If Simba’s shaking Mufasa’s corpse, Macaulay Culkin’s happy encounter with a bee colony in My Girl, every Harry Potter death, what Lotso did to the toys at the garbage dump, and all of Schindler’s List didn’t send my waterworks into overdrive, nothing else will. Sadness is not totally lost on me, however, and Flowers for Algernon packs a mean punch or two that, even when expected, still caught me unawares. Yet there are occasionally light-hearted moments to keep you from descending into complete despair: a scene where Algernon gets a girlfriend Charlie has to decide first to be “of sound health and good moral character” before green-lighting the match is a riot.
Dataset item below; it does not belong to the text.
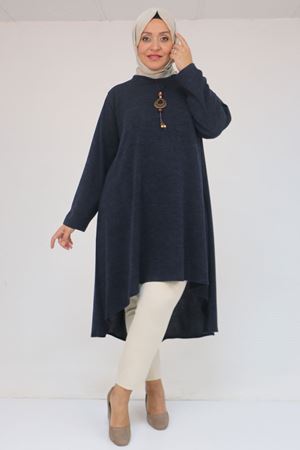 58125 Büyük Beden Eteği Oval Kesim Kolyeli Mir Tunik - Lacivert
There’s also a fair bit of philosophizing that narrowly avoids sounding annoying and the occasional surprise of great writing combined with chilling insight, particularly when the book gets into Warren Home School, a mental institution. Keyes points out much in the world that is frustrating: questionable parenting, bullying, and the arrogance and wastefulness of the scientific community (“Papers like these made me angry. Money, time, and energy squandered on the detailed analysis of the trivial...” and “Another case of men devoting their lives to studying more and more about less and less…”). But Keyes keeps returning in the book to society’s treatment (or lack thereof), most of it unthinking, jealous, and cruel, of the mentally challenged. It’s flattering to think of ourselves now as wiser and more magnanimous towards anyone and everyone. That’s a dangerous position to take. Despite our best efforts, prejudices linger, and the uphill battle to stomp them out completely doesn’t look to be leveling out any time soon. “She said for a person who God gave so little to you did more than a lot of people with brains they never even used.” Our denials, no matter how loud, don’t change how there’s that hubris of man, big or small, obvious or dormant, residing in all of us. There’s something wrong with the picture if it’s those of sound mind who need more humanizing than those without, and so long as that remains true, Flowers for Algernon will be a classic. Even if and when the opposite becomes reality, the book will still be invaluable, if not all the more so, for being so honest a cautionary tale.
¹After The Curious Incident and now Flowers for Algernon, I am in dire need of puppies, rainbows, and laughter.
²That one character may be just as much of a bastard, but he’s not that far off the mark.
³The Sound and Fury documentary elaborates more on this issue.